— YOUR INSTRUCTIONS —
Below are the records; print exactly the lines from the one with "The Lyrics window shows" through the last, both included, and leave the pictures out.

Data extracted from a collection
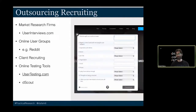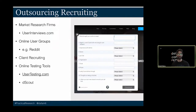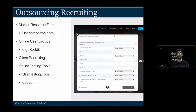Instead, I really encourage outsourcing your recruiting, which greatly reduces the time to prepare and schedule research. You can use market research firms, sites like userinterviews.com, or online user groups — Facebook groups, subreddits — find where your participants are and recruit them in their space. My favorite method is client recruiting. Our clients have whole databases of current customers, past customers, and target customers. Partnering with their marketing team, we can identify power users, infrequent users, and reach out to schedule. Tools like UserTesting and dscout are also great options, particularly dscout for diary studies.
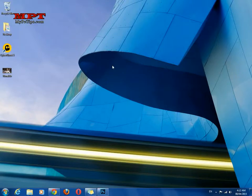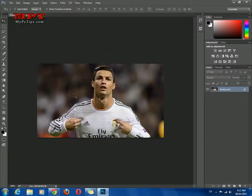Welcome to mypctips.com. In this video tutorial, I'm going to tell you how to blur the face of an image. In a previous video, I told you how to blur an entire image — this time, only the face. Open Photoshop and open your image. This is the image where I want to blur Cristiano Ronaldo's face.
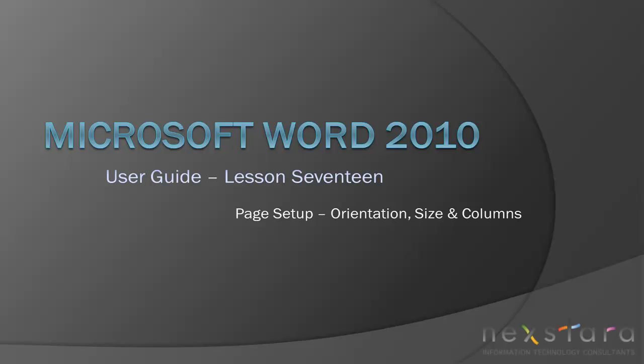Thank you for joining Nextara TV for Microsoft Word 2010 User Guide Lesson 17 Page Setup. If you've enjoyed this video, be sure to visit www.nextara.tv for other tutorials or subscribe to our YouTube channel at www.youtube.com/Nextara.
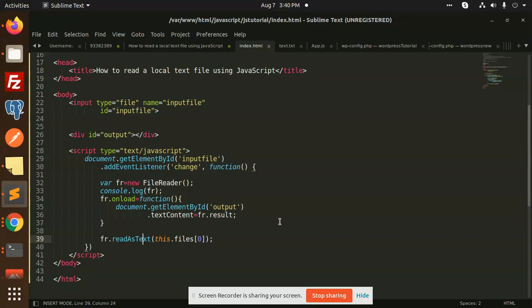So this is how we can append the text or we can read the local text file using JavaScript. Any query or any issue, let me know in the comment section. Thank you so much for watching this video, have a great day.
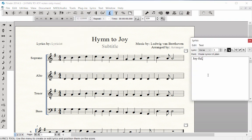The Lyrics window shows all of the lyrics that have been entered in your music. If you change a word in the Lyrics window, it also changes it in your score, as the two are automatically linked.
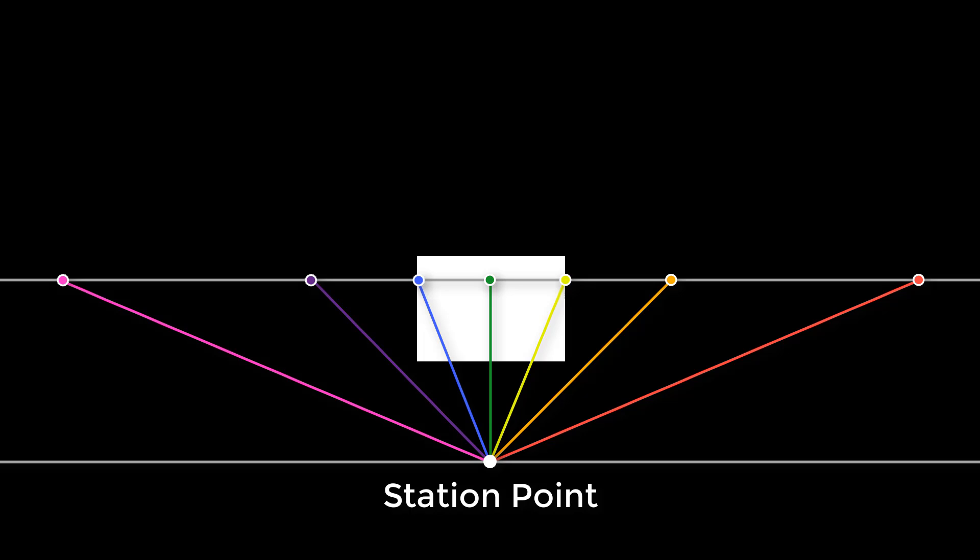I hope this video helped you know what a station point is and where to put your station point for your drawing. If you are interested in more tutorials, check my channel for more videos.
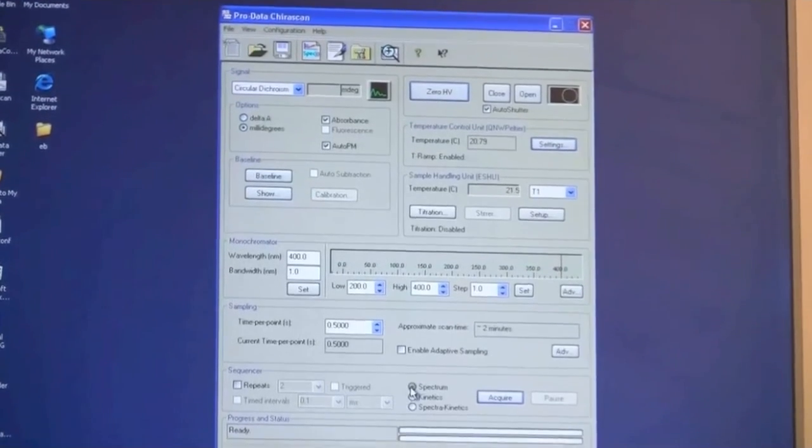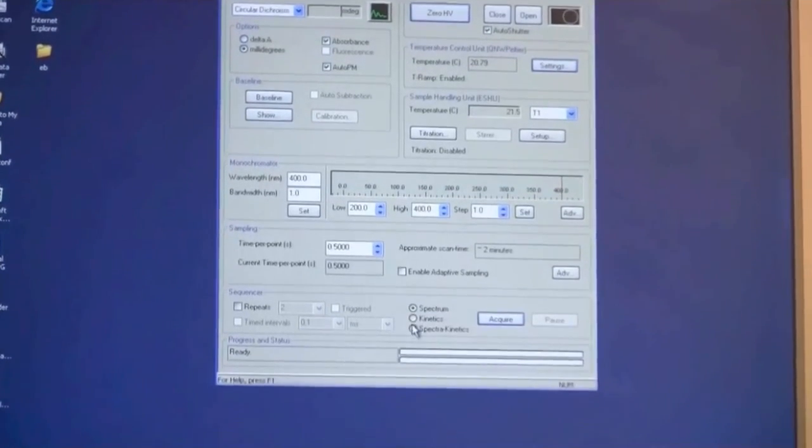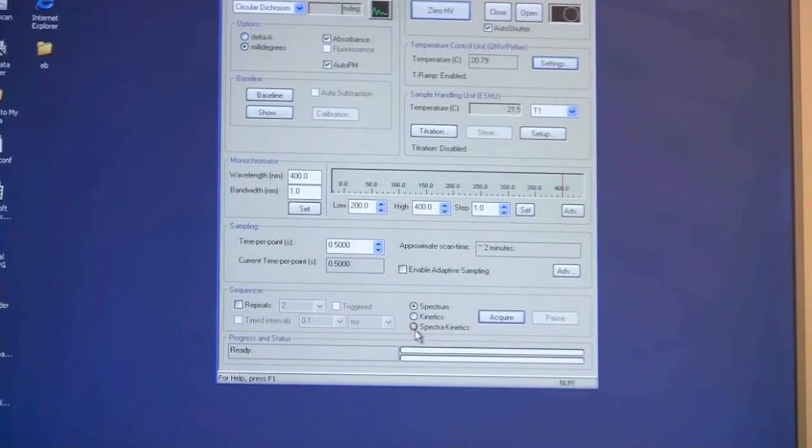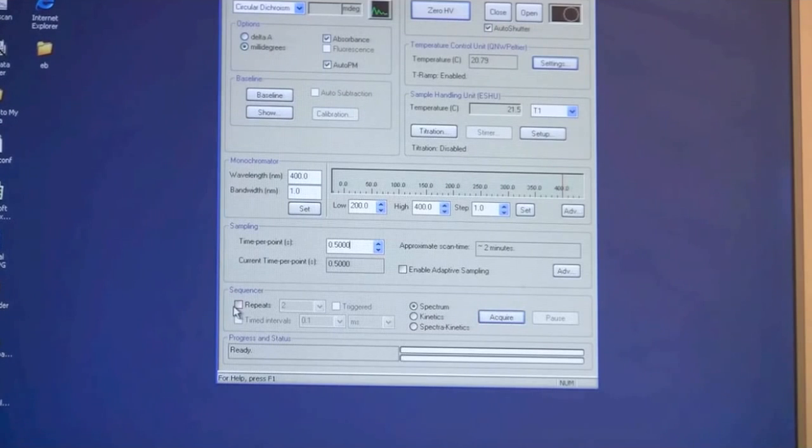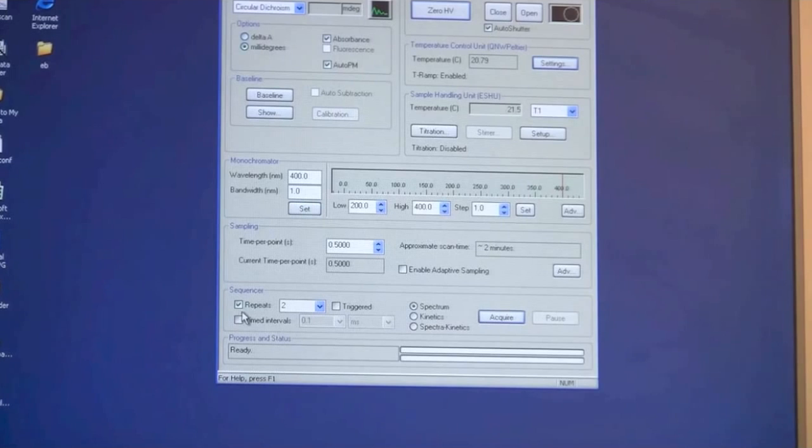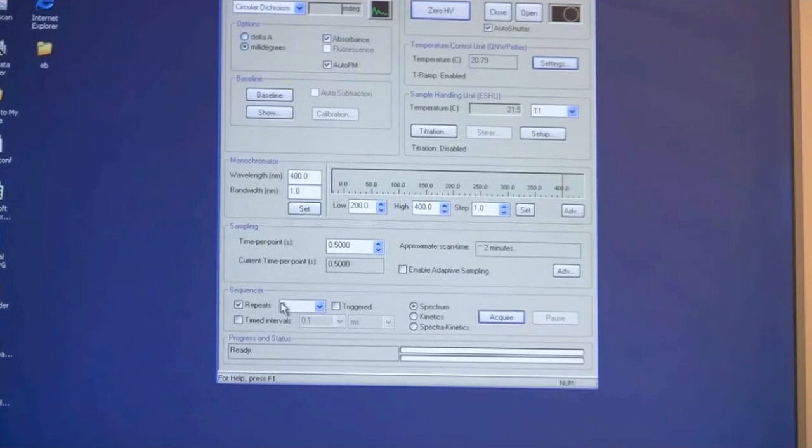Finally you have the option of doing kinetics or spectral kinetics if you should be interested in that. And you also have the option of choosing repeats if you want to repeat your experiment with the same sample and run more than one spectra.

— SOLUTION TO THIS EXERCISE —
The Lyrics window shows all of the lyrics that have been entered in your music. If you change a word in the Lyrics window, it also changes it in your score, as the two are automatically linked.
I hope this video helped you know what a station point is and where to put your station point for your drawing. If you are interested in more tutorials, check my channel for more videos.
Finally you have the option of doing kinetics or spectral kinetics if you should be interested in that. And you also have the option of choosing repeats if you want to repeat your experiment with the same sample and run more than one spectra.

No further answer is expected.